*What this task involves*
Pictures excluded, return the lines below from the first through the line holding "INTERNATIONAL 9200i Instrument Cluster".

(Entries taken from a collection)
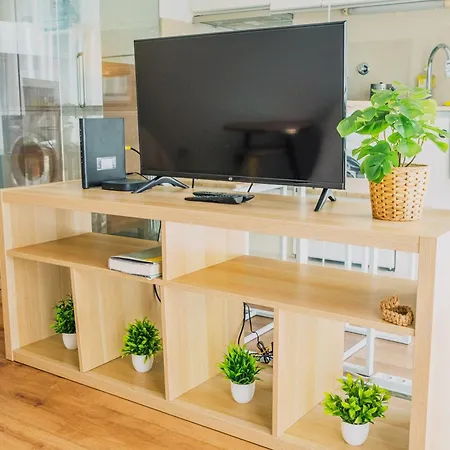 Apartman Cozy Lovely Studio's In *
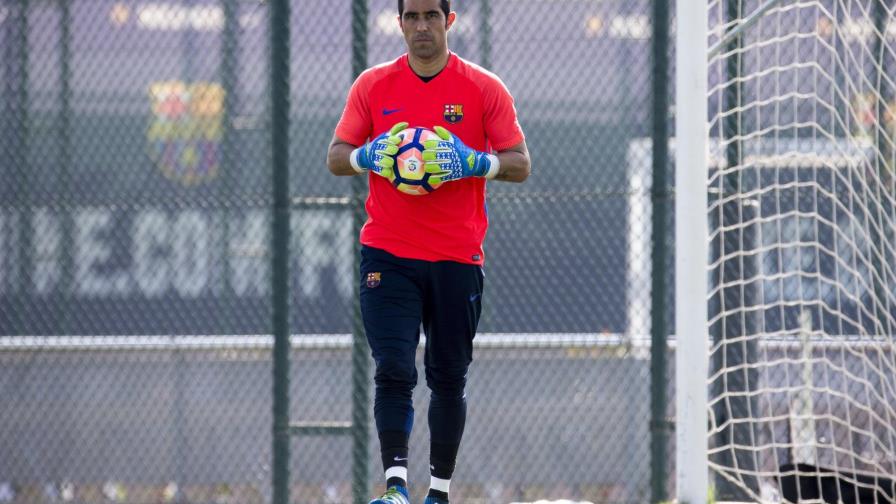 Chileno Bravo llega a Manchester para sumarse al City 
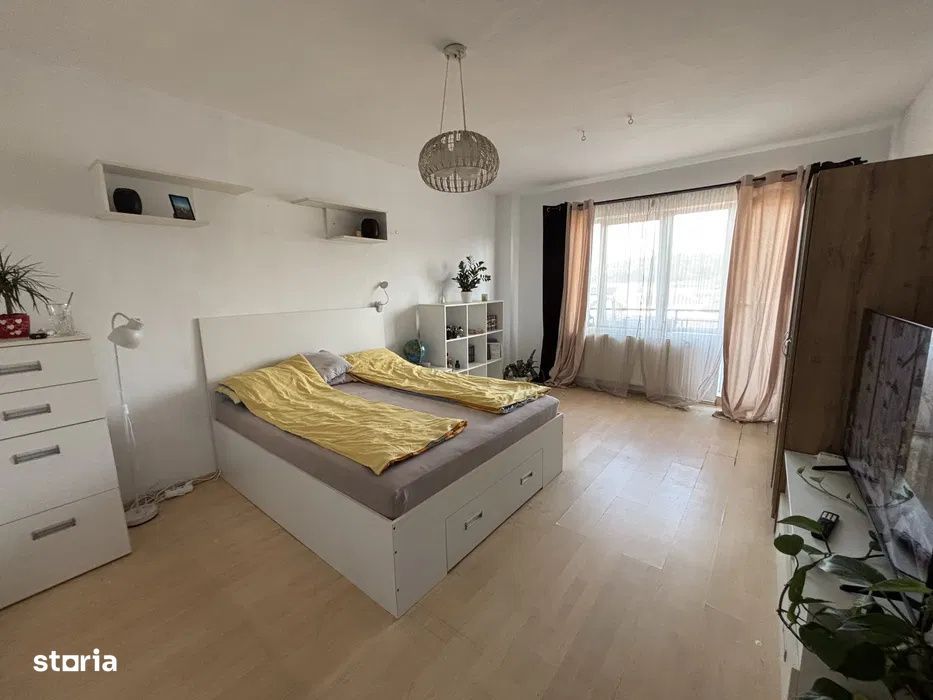 Apartament cu 3 camere, 84 mp, terasa de 22 mp, etaj intermediar, parc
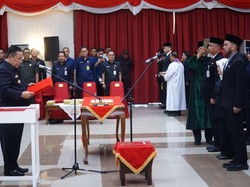 Plt Gubernur Lantik 238 Pejabat di Riau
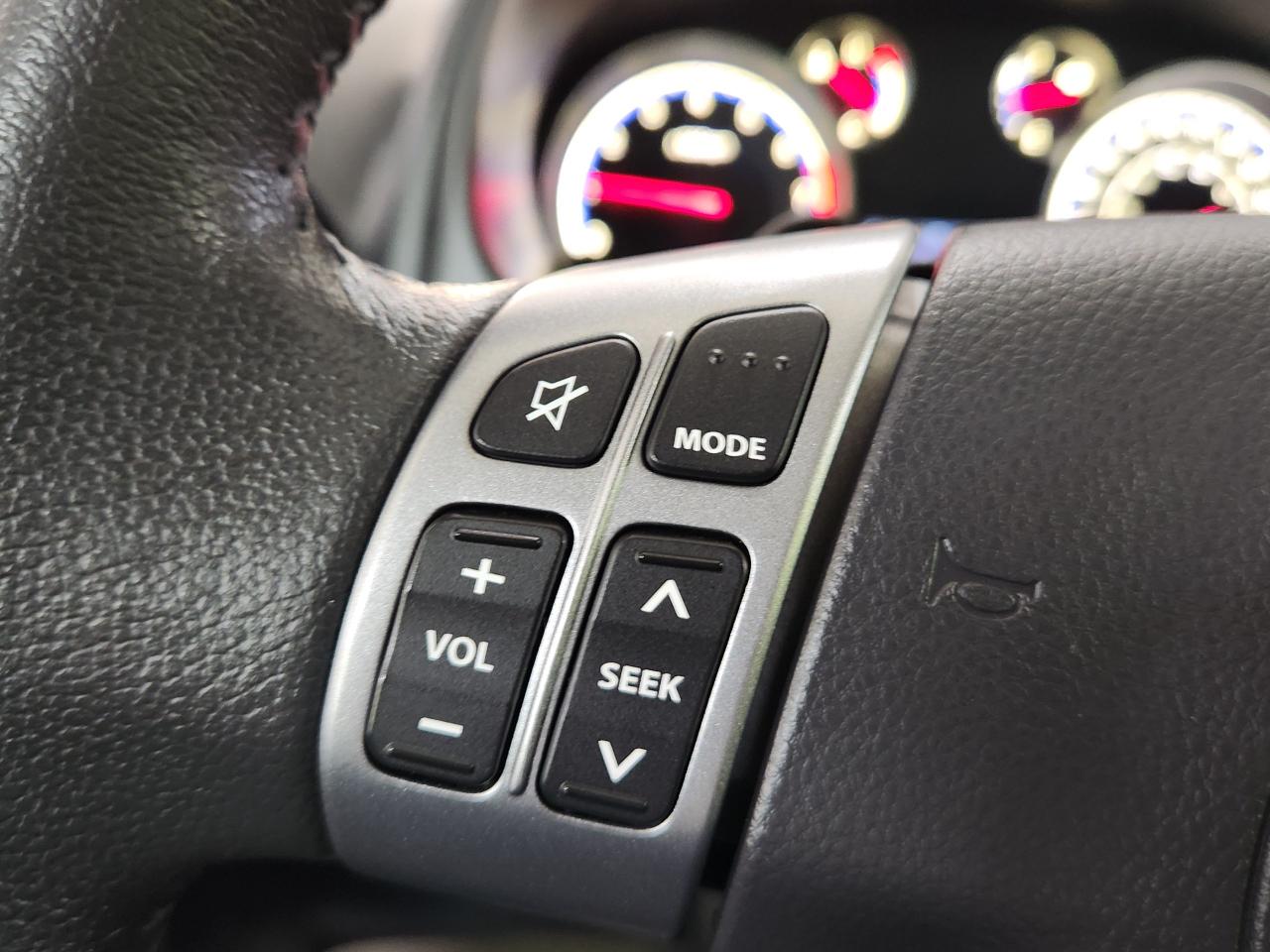 2012 Suzuki SX4 JLX NO ACCIDENTS LOW MILEAGE H'TED SEATS CLEAN - Photo #30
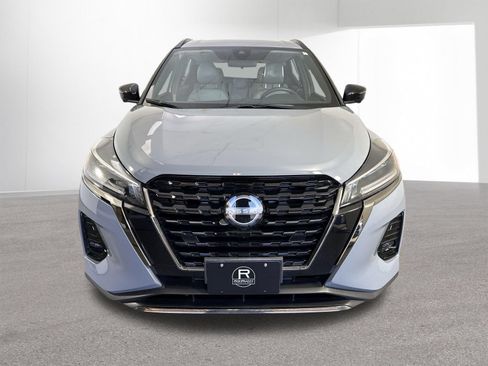 Used 2024 Nissan Kicks SR w/ SR Premium Package FWD image 25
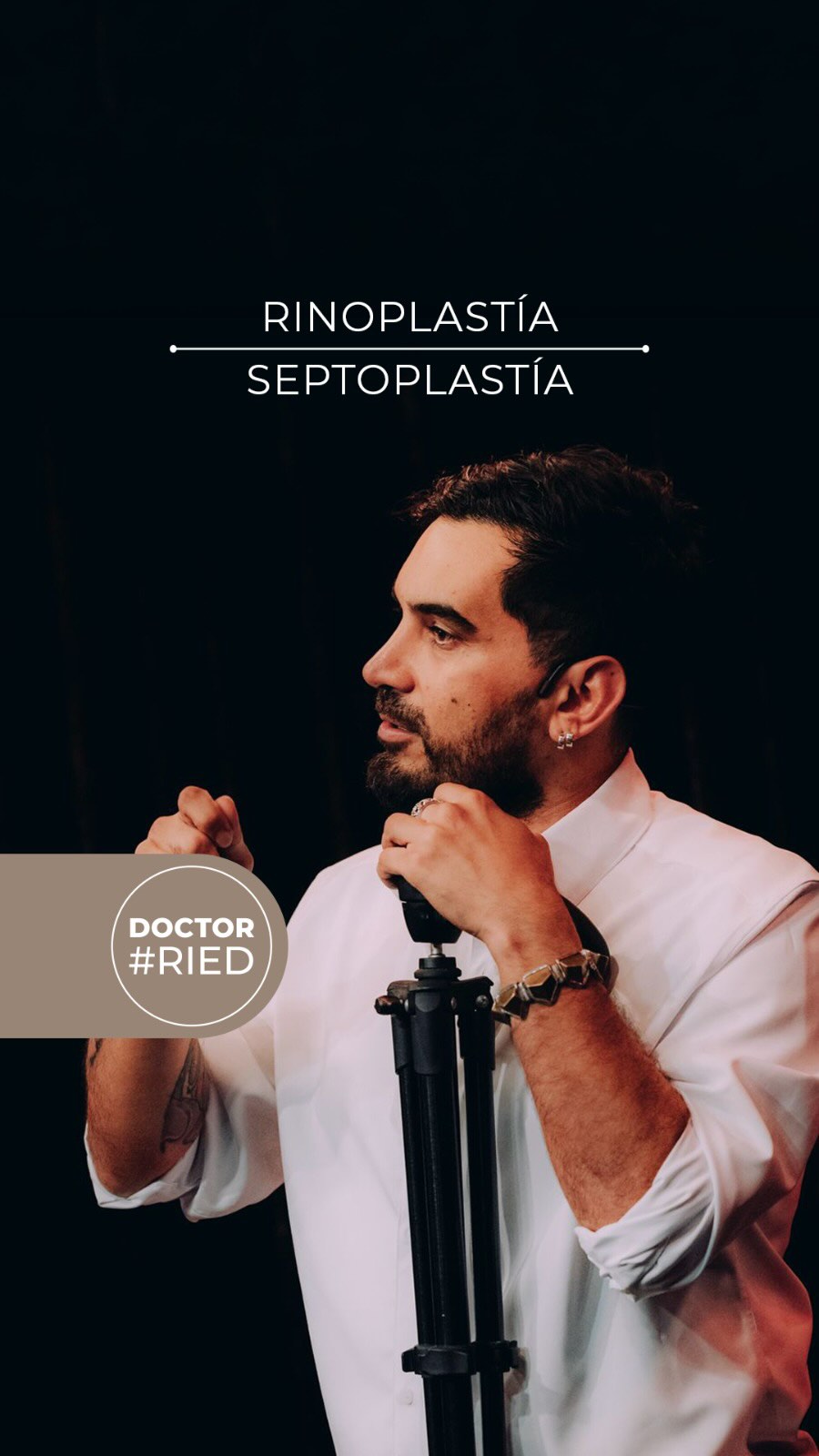 Enzo tenía una nariz grande, larga, con la punta desviada y caída. Le hicimos una rinoplastia primaria estructurada con preservación de dorso con énfasis en el contorno estructural. Este es el resultado a 11 meses de su cirugía. Enzo Nelis es un reconocido mago, productor y gestor cultural chileno, especializado en el arte escénico y en la animación de eventos. Gracias Enzo por compartirnos tus fotos! Agenda hoy tu visita por telemedicina o presencial, para una evaluación de rinoplastia. Consultas al whats app +569 51731035 Ven a verme a Clínica Las Condes o al Centro Médico ORL las Condes en Estoril 200, Oficina 723, Las Condes, Santiago de Chile Reserva de horas: Centro Médico ORL Las Condes Teléfono: +56 2 2480 1700 Whats app: +56 9 8846 5438 Mail: secretaria@orl-lascondes.cl WEB: www.orl-lascondes.cl Clínica Las Condes Teléfono: +56 2 2610 8000, opción 1 • Los comentarios ofensivos o discriminatorios serán eliminados/bloqueados para proteger la integridad del paciente. #rinoplastía #rinoseptoplastía #rinoplastíaultrasonica #rinoplastiaestetica #rhinoplasty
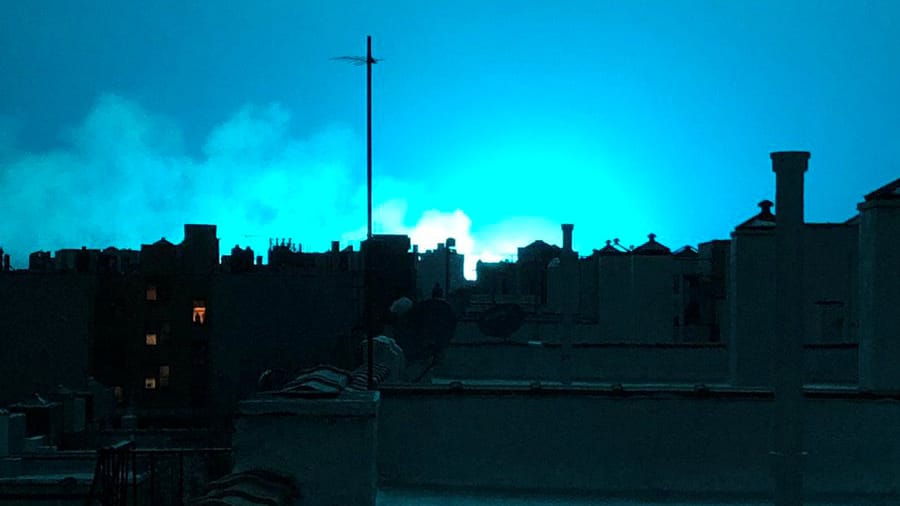 Blaues Licht über New York: Eine Explosion soll für das Licht-Phänomen verantwortlich sein. Blaues Licht über New York: Eine Explosion soll für das Licht-Phänomen verantwortlich sein.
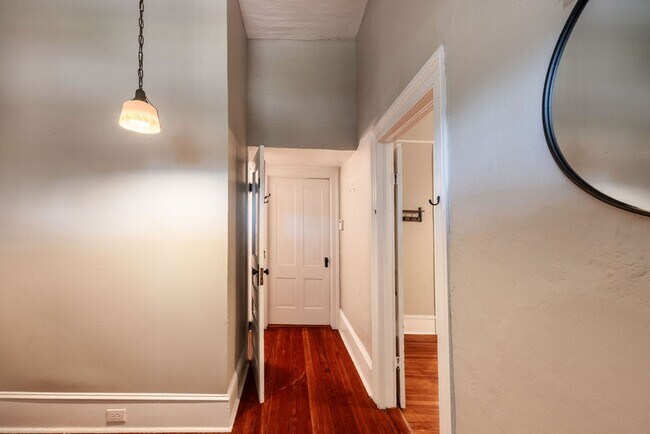 Building Photo - Downtown home walking distance to Mercer L...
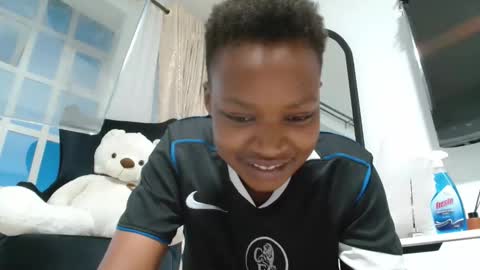 Snapshot of lyne898 chatting on April 13, 3:50 pm lyne898 online show from April 13, 3:50 pm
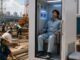 40°C की गर्मी भी होगी बेअसर! जापान का ‘ह्यूमन फ्रिज’ बना मजदूरों का नया सहारा Japan Human Refrigerator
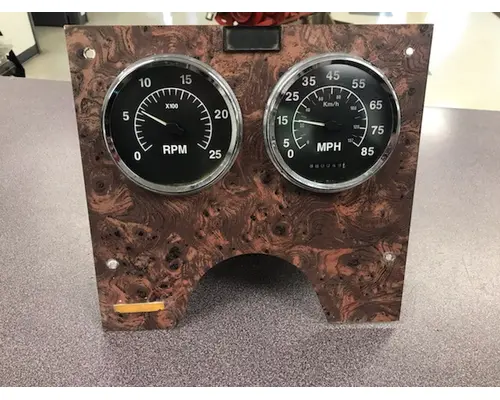 INTERNATIONAL 9200i Instrument Cluster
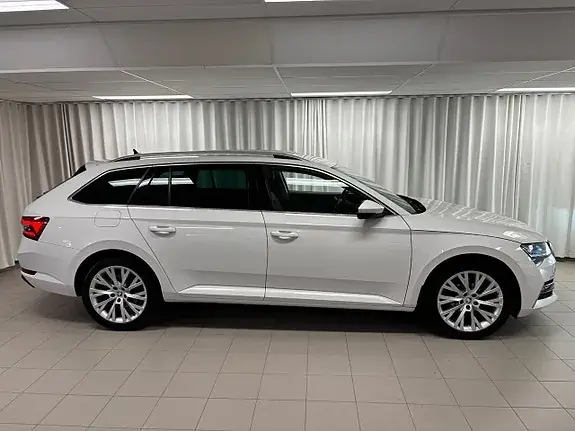 Skoda Superb 2020 photo 3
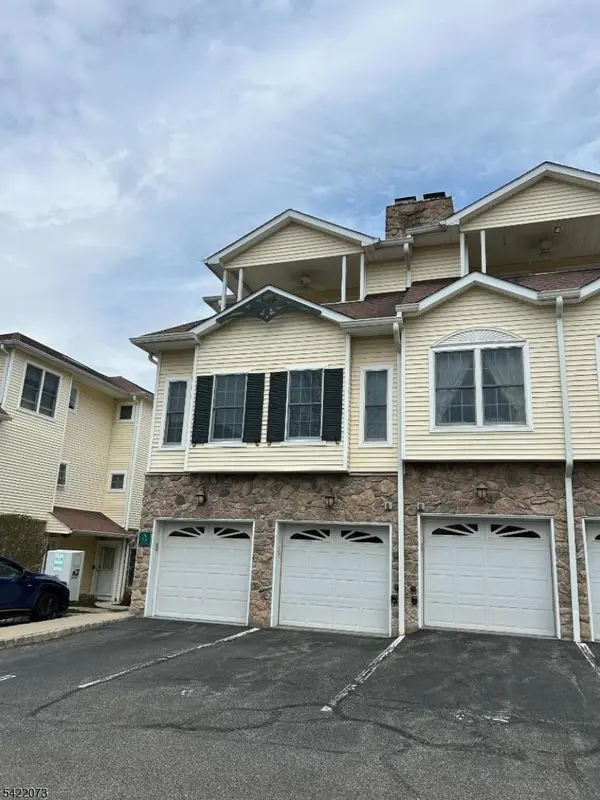 91 Roseland Ave #A8, Caldwell Boro Twp., NJ 07006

*Response area*
 Apartman Cozy Lovely Studio's In *
 Chileno Bravo llega a Manchester para sumarse al City 
 Apartament cu 3 camere, 84 mp, terasa de 22 mp, etaj intermediar, parc
 Plt Gubernur Lantik 238 Pejabat di Riau
 2012 Suzuki SX4 JLX NO ACCIDENTS LOW MILEAGE H'TED SEATS CLEAN - Photo #30
 Used 2024 Nissan Kicks SR w/ SR Premium Package FWD image 25
 Enzo tenía una nariz grande, larga, con la punta desviada y caída. Le hicimos una rinoplastia primaria estructurada con preservación de dorso con énfasis en el contorno estructural. Este es el resultado a 11 meses de su cirugía. Enzo Nelis es un reconocido mago, productor y gestor cultural chileno, especializado en el arte escénico y en la animación de eventos. Gracias Enzo por compartirnos tus fotos! Agenda hoy tu visita por telemedicina o presencial, para una evaluación de rinoplastia. Consultas al whats app +569 51731035 Ven a verme a Clínica Las Condes o al Centro Médico ORL las Condes en Estoril 200, Oficina 723, Las Condes, Santiago de Chile Reserva de horas: Centro Médico ORL Las Condes Teléfono: +56 2 2480 1700 Whats app: +56 9 8846 5438 Mail: secretaria@orl-lascondes.cl WEB: www.orl-lascondes.cl Clínica Las Condes Teléfono: +56 2 2610 8000, opción 1 • Los comentarios ofensivos o discriminatorios serán eliminados/bloqueados para proteger la integridad del paciente. #rinoplastía #rinoseptoplastía #rinoplastíaultrasonica #rinoplastiaestetica #rhinoplasty
 Blaues Licht über New York: Eine Explosion soll für das Licht-Phänomen verantwortlich sein. Blaues Licht über New York: Eine Explosion soll für das Licht-Phänomen verantwortlich sein.
 Building Photo - Downtown home walking distance to Mercer L...
 Snapshot of lyne898 chatting on April 13, 3:50 pm lyne898 online show from April 13, 3:50 pm
 40°C की गर्मी भी होगी बेअसर! जापान का ‘ह्यूमन फ्रिज’ बना मजदूरों का नया सहारा Japan Human Refrigerator
 INTERNATIONAL 9200i Instrument Cluster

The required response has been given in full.